Gabriela Spilberg, MD, is an assistant professor of radiology and biomedical imaging director at the Yale School of Medicine in New Haven, Connecticut, where she also co-directs theranostics and clinical trials for the section of nuclear medicine at Smilow Cancer Hospital and Yale Cancer Center. Spilberg echoed Helmke’s and Sawoszczyk’s sentiments about the field of theranostics needing support, in terms of collaboration and awareness, to grow.
“We’re still very limited in the scope of clinical practice of where we are, and how little theranostics has advanced since its inception,” Spilberg said. “To develop this field, I think you really need a teamwork approach.”
Dealing with radiation obligates greater regulatory scrutiny; for example, the potential misuse of isotopes and the presence of nuclear technology to create them means theranostics operations are regulated by the Nuclear Regulatory Commission, which is a branch of the U.S. Department of Defense, not the FDA. Health care institutions wishing to study or develop theranostics programs need to retain specialized professionals, like radiation safety officers and their teams.
“There’s a lot of special licenses and handling of material, and dedicated, trained personnel,” Spilberg said. “It’s not something that’s easy, and there’s a big shortage of professionals to start.

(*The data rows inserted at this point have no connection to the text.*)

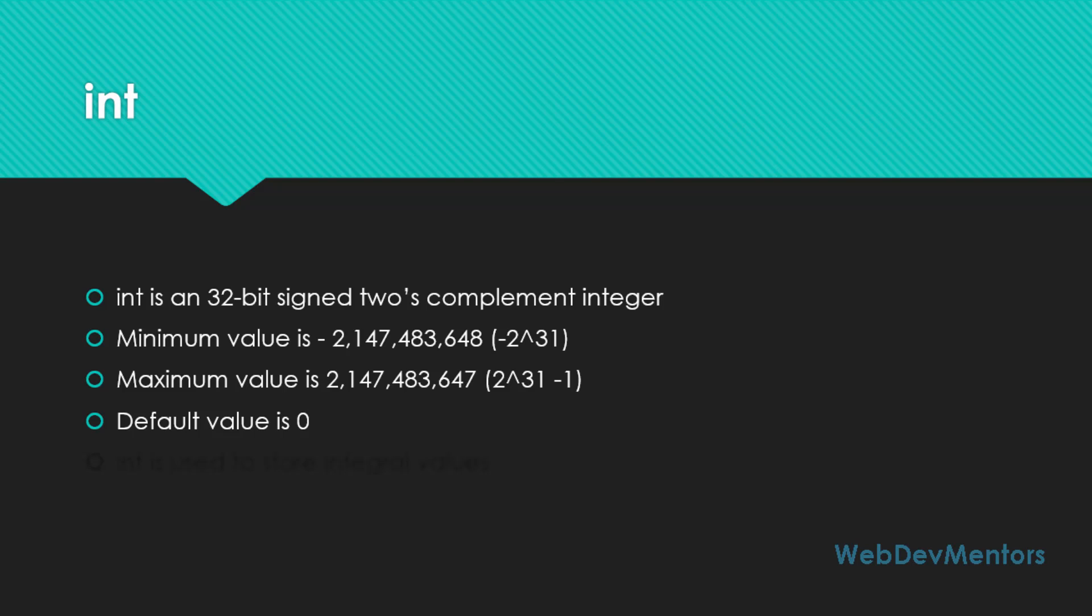We have already seen anything that deals with integer values will have 0 as default. If it's byte, short, int, long, float, or double, you'll be having 0 as the default value. Int is used to store integral values.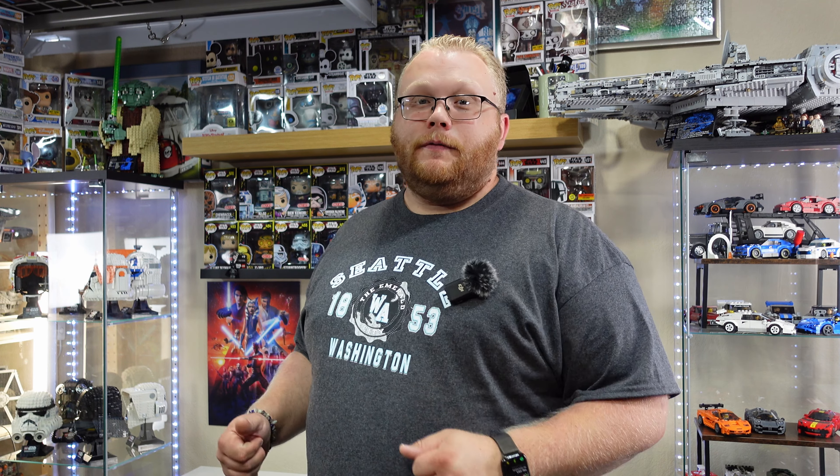Guess who's back, back again. Bricks and Toys, tell a friend. Guess who's back. We are back. You feeling it? Because I am. On to today's video after the intro.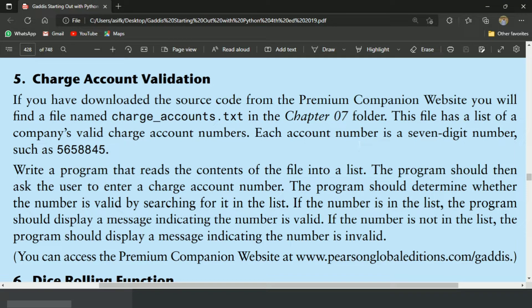Welcome guys. In this video, I will write the Python program for the 5th exercise of chapter 7.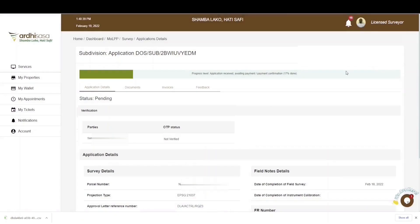After submitting your application, a new page will appear displaying the reference number and the status of the application — in this case, the status is Pending. Once the licensed surveyor has submitted the application, a notification will automatically be sent to the parcel owner instructing them to log in to the Ardisasa system and either approve or reject the application through an OTP verification process.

If you think you’re barely handling your clinical volume, to really move into more research and other things is complicated and expensive.”
The complex infrastructure around the development of theranostic treatments requires visionary leadership as well as deep-pocketed financial support to coordinate, and “that’s not the marriage that happens often and everywhere,” Spilberg pointed out. For precisely such reasons, the field is farther along in countries like Germany and Australia, in her estimation; but even beyond the demands atop the health care industry, there are similar needs in theranostics that extend all the way down its structure, including recruitment of more professionals into the specialty.

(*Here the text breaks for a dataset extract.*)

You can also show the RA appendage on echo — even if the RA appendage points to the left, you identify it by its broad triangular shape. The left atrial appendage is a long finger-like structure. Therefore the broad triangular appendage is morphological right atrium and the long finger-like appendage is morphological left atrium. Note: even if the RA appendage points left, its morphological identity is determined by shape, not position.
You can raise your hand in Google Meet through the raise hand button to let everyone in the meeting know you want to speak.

“I think it really requires this specific profile of person to be drawn to this field,” Spilberg said, “and then you have to have buy-in from administration, and a lot of times people have not heard about theranostics. It’s such a small field that they just don’t know about it.”
Likewise, although radiopharmaceutical therapies are expensive to develop and administer, Spilberg believes the value of theranostics will only increase as it’s put to broader use delivering real roadmaps of disease expression, in vivo. The issue of how to do so remains a persistent challenge.
“With theranostics, you can really target what’s most expressed and follow it, rather than changing things in a chaotic way,” Spilberg said. “I have a really hard time understanding why this is not the focus of developing drug companies and the FDA. It’s very old-school to still keep looking at treatment response criteria as changes in size and anatomy, when we really know a lot of these treatments have different effects. Just one target won’t ever be enough for any disease.”
As broader adoption of multi-tracer pharmaceuticals can become more common for every patient, AI-driven computer processing can lead to faster interpretation of study results, “and that’s when I think this will be much more leveraged as a technology to move forward into true personalized medicine,” Spilberg said.
“Right now, the way we’re doing things, even though we have these tools, they’re not being optimized,” she said. “I have a lot of patients who are self-referred [for theranostics] because the side effect profile is so much better than chemotherapy. I have patients who come in, and who have been waiting to fail chemotherapy for a year to receive this because they know it’s their preferred modality. There’s this gigantic potential for playing a role in multiple types of disease.”